Con una visión humanista e inclusiva, el gobernador de Puebla, Alejandro Armenta, supervisó el rescate de la Ex Hacienda Molino de Guadalupe, en un proyecto cultural, turístico y arquitectónico que busca detonar el desarrollo de la zona. La iniciativa se alinea con la política cultural impulsada por la presidenta Claudia Sheinbaum.
El gobernador destacó que los trabajos se realizarán bajo la supervisión del Instituto Nacional de Antropología e Historia (INAH), preservando la cronología histórica y el valor patrimonial del inmueble.
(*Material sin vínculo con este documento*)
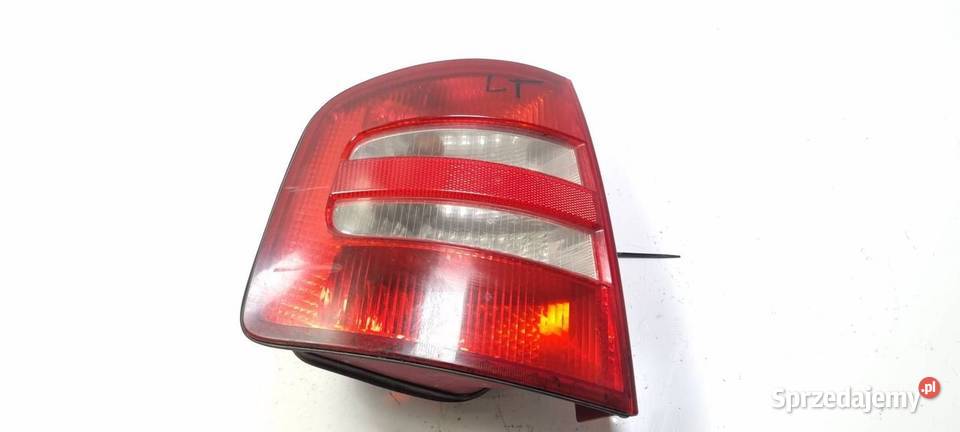 LAMPA PRAWA TYŁ SKODA FABIA I Lipno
El proyecto busca que los beneficios se reflejen directamente en la comunidad de Juárez Coronaco y en la cabecera municipal.
En coordinación con la Secretaría de Arte y Cultura y el cronista local, se construirá un Museo de Sitio y un Sendero de Paz en el puente de acceso a la hacienda, siguiendo las directrices de la presidenta de México.
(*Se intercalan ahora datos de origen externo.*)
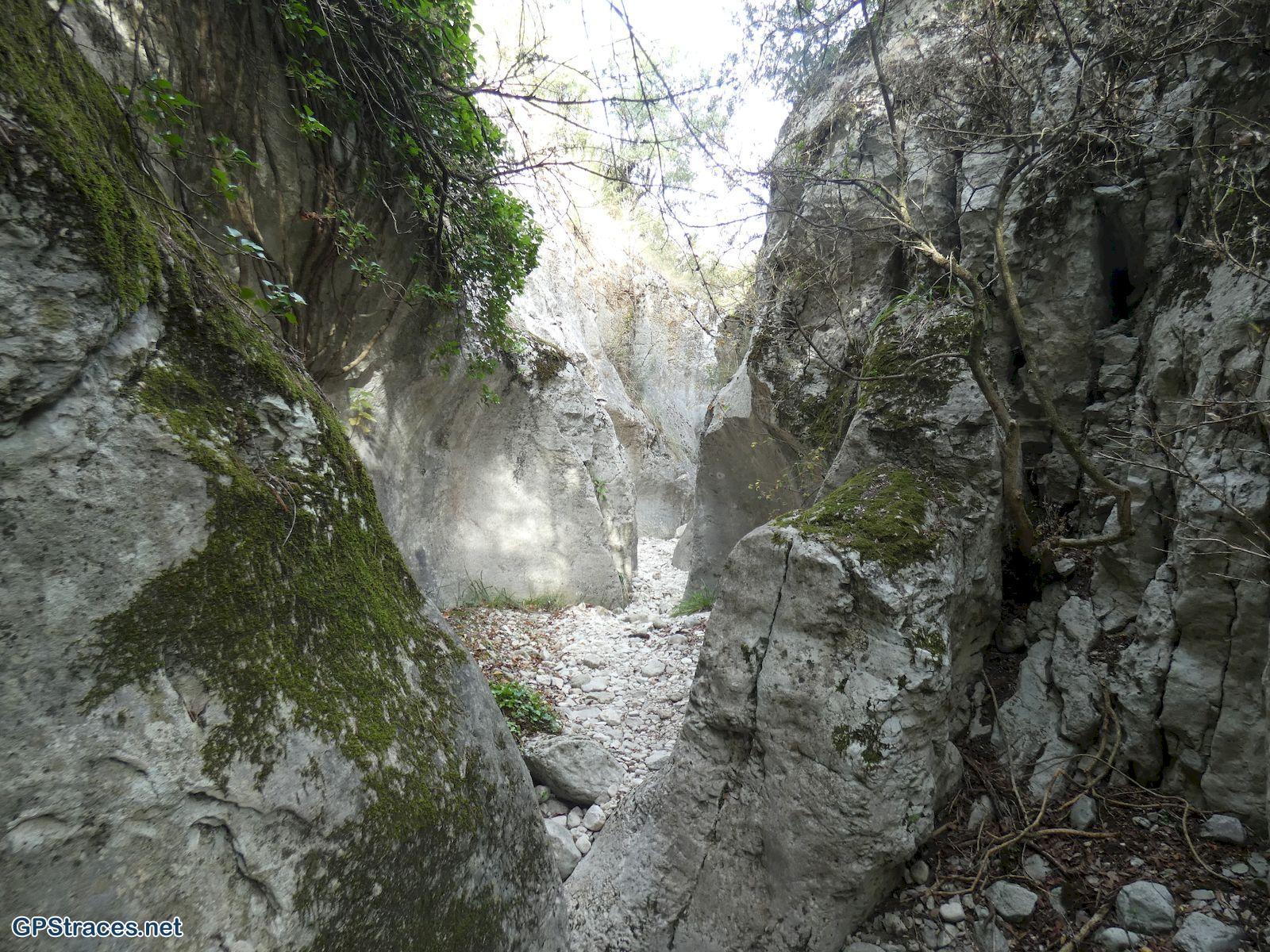 La combe de Vaumale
El delegado del INAH en Puebla, Gustavo Donnadieu Cervantes, enfatizó que el inmueble histórico es emblemático y que su rescate conforme al diseño original generará una derrame económica y aumentará el flujo turístico hacia la localidad. Señaló que gran parte del edificio se conserva en buen estado y solo requiere trabajos complementarios, que se sumarán a las acciones de rescate del Río Atoyac.
Vecinos como Sabeli Díaz y Gloria Ascencio coincidieron en que el proyecto beneficiará a los habitantes. La Ex Hacienda, una de las más grandes y prósperas de la región, quedó abandonada tras la muerte de su propietario, mientras sus tierras fueron repartidas entre campesinos, generando nuevas colonias agrícolas. En 1933, se reportó como deshabitada y en ruinas.
El rescate de la Ex Hacienda Molino de Guadalupe se perfila como un motor de turismo cultural y desarrollo comunitario, preservando la historia y potenciando la economía local.